• [About this task] Strip out all images, then restate the data verbatim.

• [Exercise data]
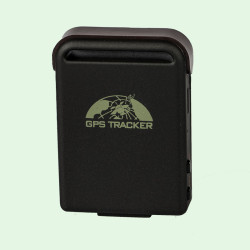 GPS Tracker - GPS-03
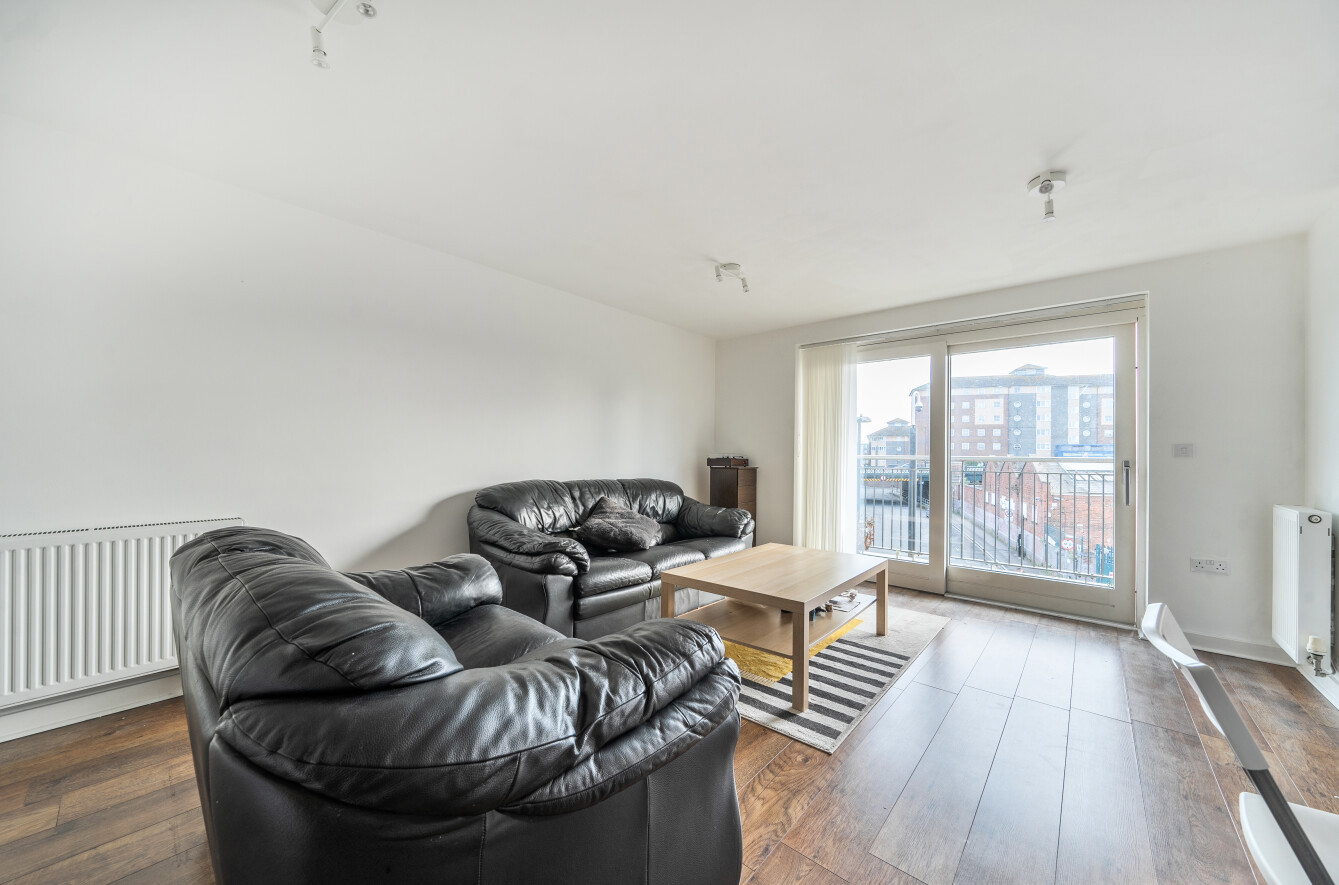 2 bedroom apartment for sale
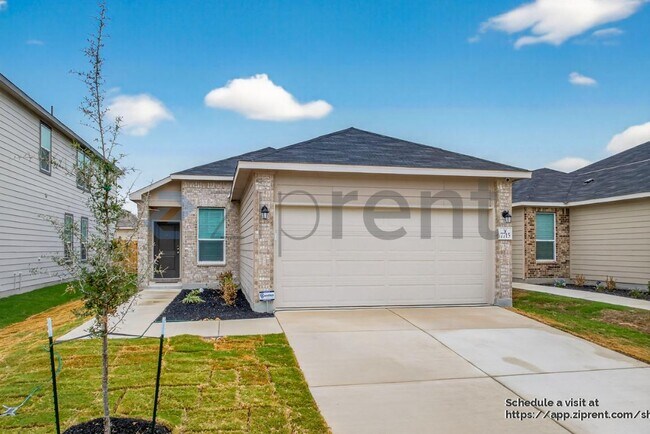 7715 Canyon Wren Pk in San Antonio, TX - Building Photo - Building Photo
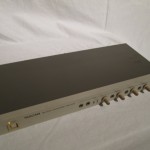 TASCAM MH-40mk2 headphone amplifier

• [Result of this exercise]
 GPS Tracker - GPS-03
 2 bedroom apartment for sale
 7715 Canyon Wren Pk in San Antonio, TX - Building Photo - Building Photo
 TASCAM MH-40mk2 headphone amplifier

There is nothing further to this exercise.